Meinung: Weinzierls Medienschelte soll von VfB-Krise ablenken

Stuttgart - Es war ein wütender Auftritt, den VfB-Trainer Markus Weinzierl vor dem Abstiegskrimi gegen den FC Augsburg auf der Pressekonferenz hinlegte. (TAG24 berichtete)

Nach der Spuckattacke fasst VfB-Mittelfeldmann Santiago Ascacíbar dem Leverkusener Kai Havertz noch ins Gesicht.
Nach der Spuckattacke fasst VfB-Mittelfeldmann Santiago Ascacíbar dem Leverkusener Kai Havertz noch ins Gesicht.  © DPA

So erlebten die Journalisten am Mittwochmorgen einen kämpferischen Weinzierl, der zur Medienschelte ausholte.

Ausgerechnet zu diesem Zeitpunkt, kurz vor dem Endspiel gegen seinen Ex-Club Augsburg, bei dem vermutlich auch sein Job auf dem Spiel steht.

Dass sein Opfer dabei die Medien sind, verwundert allerdings nicht und ist eine beliebte, sowie kalkulierte Masche, wenn ein Verein mit dem Rücken zur Wand steht.

"Wir Trainer werden für alles verantwortlich gemacht", polterte Weinzierl los und sprach außerdem von mangelndem Respekt gegenüber dem Job als Coach.

Das alles erinnerte etwas an die spektakuläre Wutrede der Bayern-Bosse im Oktober, als sich die Münchner mit einem großflächigen Angriff gegen die Medien schützend vor Trainer Nico Kovac stellten, der kurz vor dem Aus zu stehen schien.

Damals erinnerte Bayerns Vorstand Karl-Heinz Rummenigge die Pressevertreter sogar daran, sich ans Grundgesetz zu halten, weil man mit der kritischen Berichterstattung über einzelne Spieler und Trainer nicht zufrieden war.

VfB-Trainer Markus Weinzierl zeigt etwas Feuer an der Seitenlinie.
VfB-Trainer Markus Weinzierl zeigt etwas Feuer an der Seitenlinie.

Ganz so spektakulär wie der Vorfall an der Säbener Straße war Weinzierls Pressekonferenz zwar nicht, doch die Absicht ist ähnlich.
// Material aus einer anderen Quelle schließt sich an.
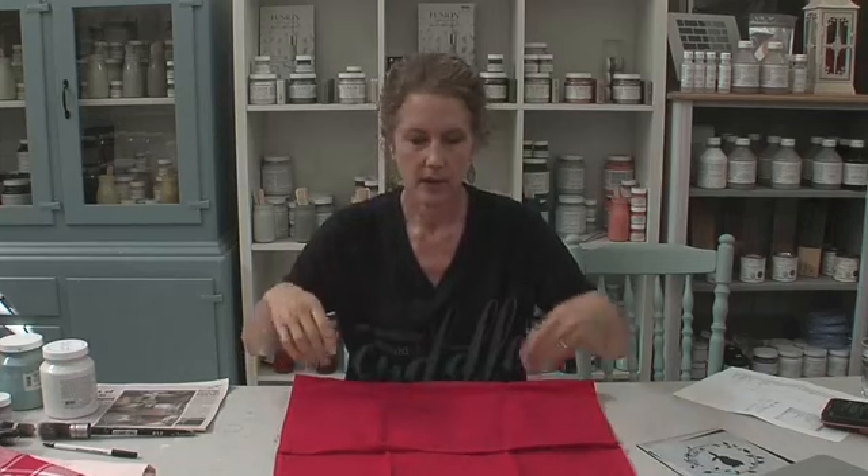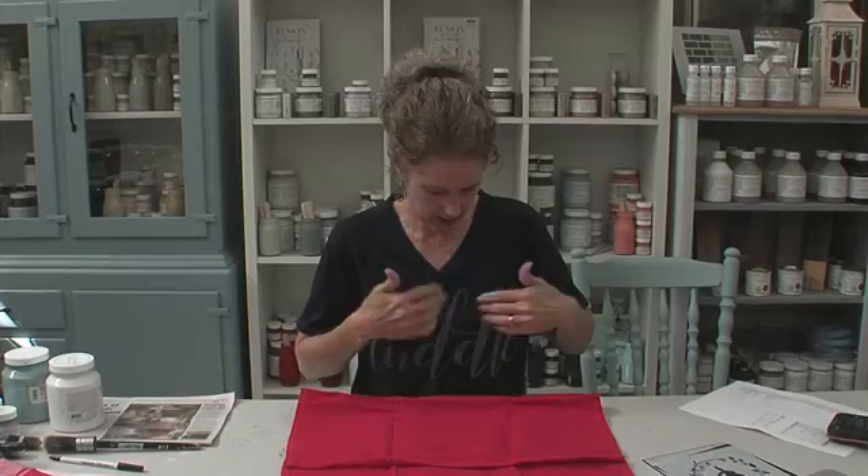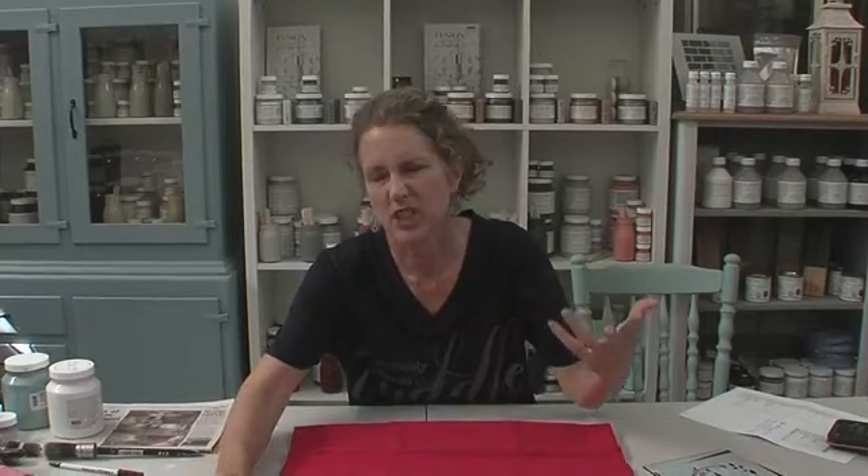The first thing we're going to do is position the stencil on the tea towel. Let's talk about which fabrics are best for stenciling. This tea towel says it's cotton — cotton is really one of the best things to stencil on. My t-shirt here is polyester, and you can see the words are a little faded. I used white on polyester — I've had a lot more success stenciling on cotton t-shirts. Cotton-rich fabrics tend to work a little better.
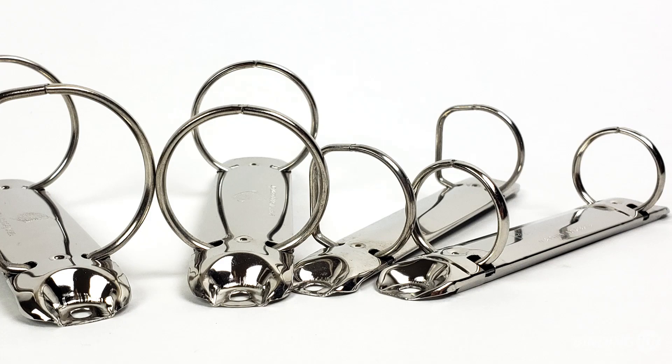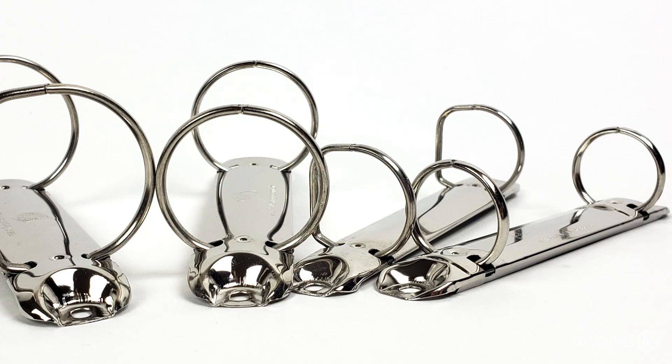Two-ring binder spines are available in round and straight D shapes, as well as 1 inch or 1 1⁄2 inch ring sizes. This measurement is the inside ring diameter at the widest point.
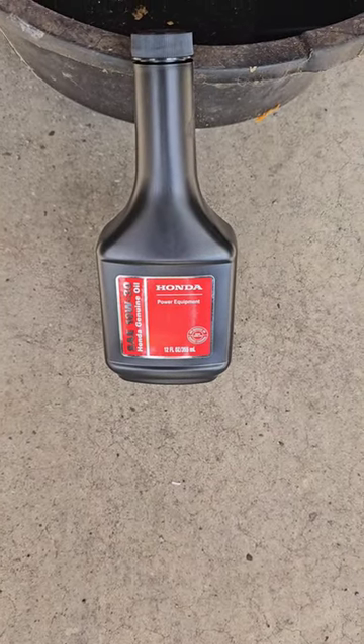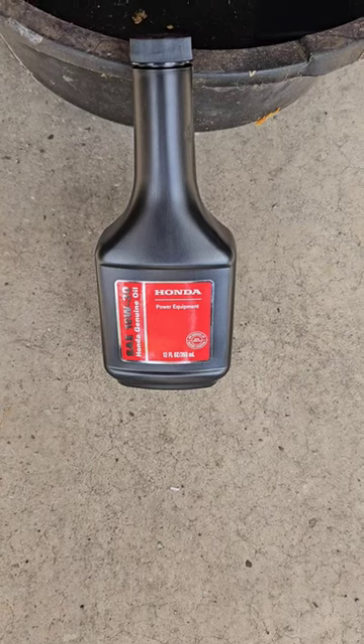There's the oil you use. Now I'm going to turn it back on its side and I'll show you filling it back up. It's that easy.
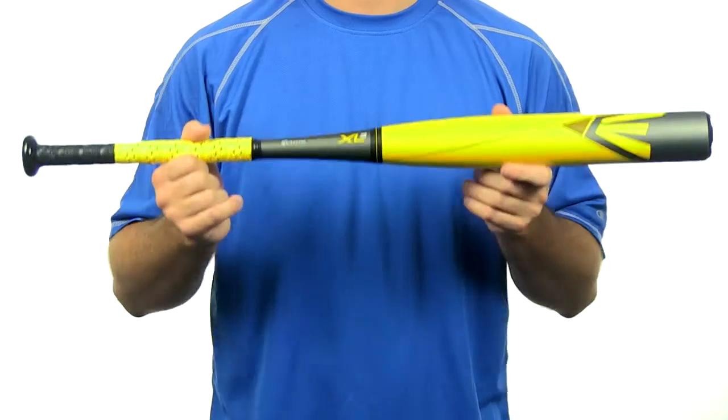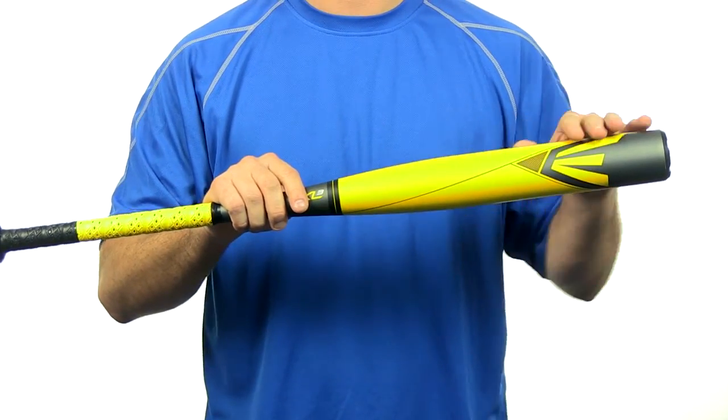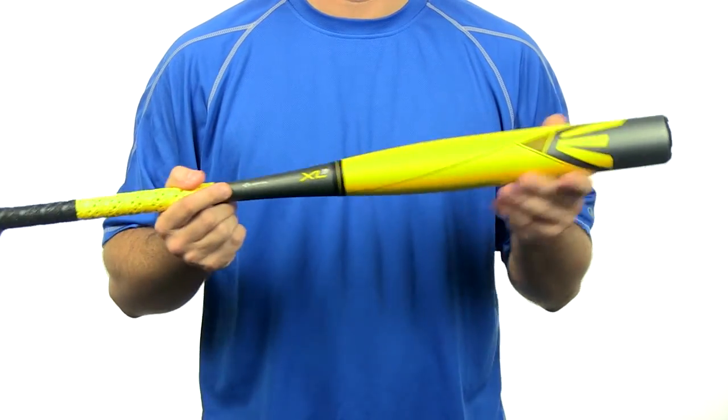Hey, I'm Chris with JustBats.com and this is a 2014 XL3 by Easton. The XL3 comes in at a minus 11 length-to-weight ratio and features a 2.25 inch barrel diameter. This bat has an all one-piece alloy construction and features a slightly end-loaded swing weight.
Meiner Meinung nach soll mit der Medienschelte von der schlechtesten Bundesliga-Saison in der Geschichte des VfB Stuttgart abgelenkt werden. Und von der Trainerdiskussion.

So wiegelte Weinzierl auch diesen TAG24-Redakteur ab. Dieser fragte nämlich, ob der Coach Verständnis habe, falls der VfB die Reißleine ziehen sollte - und ihn entließe.

Daraufhin entgegnete Weinzierl: "Auf Sie habe ich mich schon den ganzen Tag gefreut" und "Sie haben mir letzte Woche schon drei negative Fragen gestellt." Die eigentliche Frage ließ der Niederbayer aber unbeantwortet.

Weinzierl hatte sich die Wutrede vorgenommen, was sich von Anfang an bemerkbar machte.

So nahm er die Berichterstattung über die Spuckattacke von Santiago Ascacíbar (TAG24 berichtete) zum Anlass seiner Medienschelte. Als ihn ein Journalist darauf ansprach, wie er die Aktion des Argentiniers bewerte, rieb sich Weinzierl schon die Hände, dass er von der Einstiegsfrage an, ganz nach dem Vorbild der bayrischen "Abteilung Attacke", loslegen durfte.

Und wie er loslegte! Aber immerhin war mal wieder etwas Feuer bei Weinzierl zu sehen, das sich jetzt nur noch auf die Mannschaft übertragen muss.

Wenn diese es dann noch auf den Platz bringt, könnte es gegen Mitabstiegskonkurrent Augsburg vielleicht auch mal mit einem Sieg klappen.